Specifically, we are interested in the Matryoshka Representation Learning technique used in training, which lets us “shorten embeddings (i.e. remove some numbers from the end of the sequence) without the embedding losing its concept-representing properties”. This allow us to trade off a small amount of accuracy in exchange for much smaller embedding sizes, so we can store more documents and search them faster.

By using phased ranking, we can re-rank the top K results with the full embeddings in a second step. This produces accuracy on par with using the full embeddings!

We’ll use a standard information retrieval benchmark to evaluate result quality with different embedding sizes and retrieval/ranking strategies.
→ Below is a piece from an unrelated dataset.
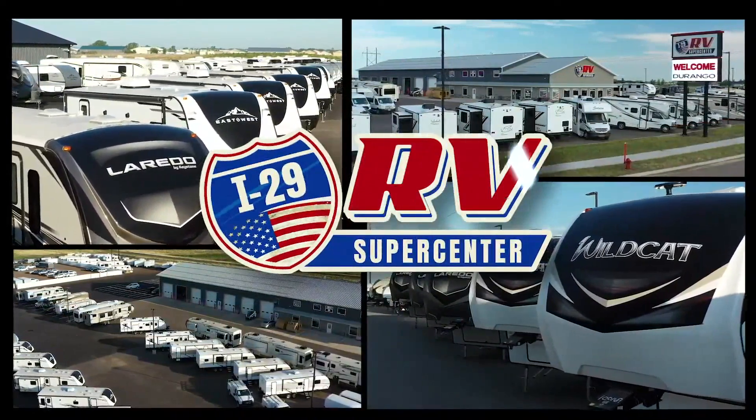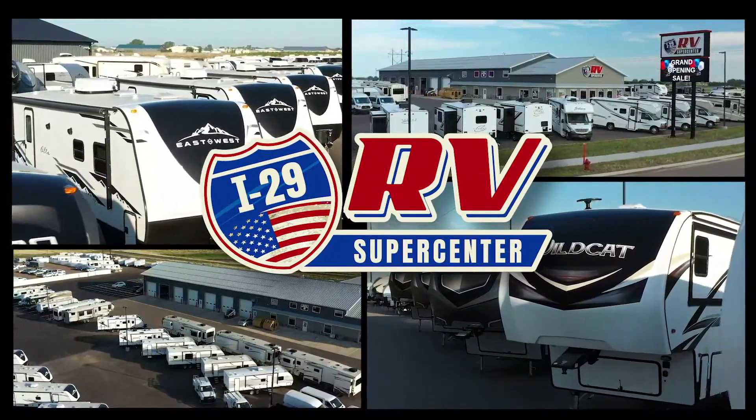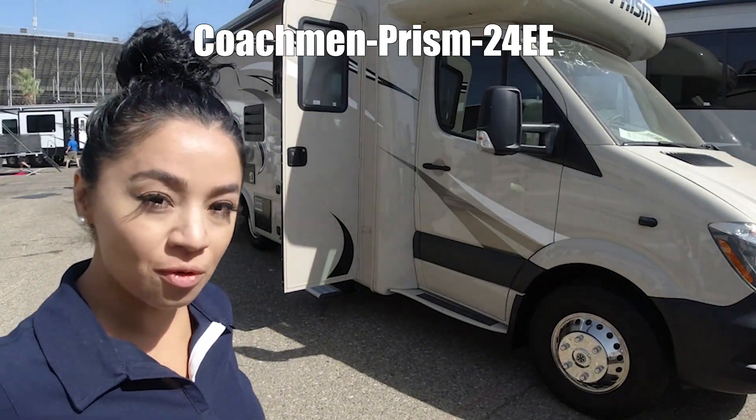Here's another great RV from I-29 RV Supercenter. Hello, my name is Cecilia, and we're looking at Prism Elite by Coachman, Model 24EE.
As a bonus, we’ll show at the end how we can at run-time select the number of dimensions, to evaluate how the quality improves with increasing resolution:

Illustration

This blog post is also available as a runnable notebook where you can have this app up and running on Vespa Cloud in minutes ( Open In Colab )

Let’s get started! First, install a few dependencies:

!pip3 install -U pyvespa ir_datasets openai pytrec_eval

Examining the OpenAI embeddings

from openai import OpenAI

openai = OpenAI()

def embed(text, model="text-embedding-3-large", dimensions=3072):
   return openai.embeddings.create(input = [text], model=model, dimensions=dimensions).data[0].embedding

With these new embedding models, the API supports a dimensions parameter. Does this differ from just taking the first N dimensions?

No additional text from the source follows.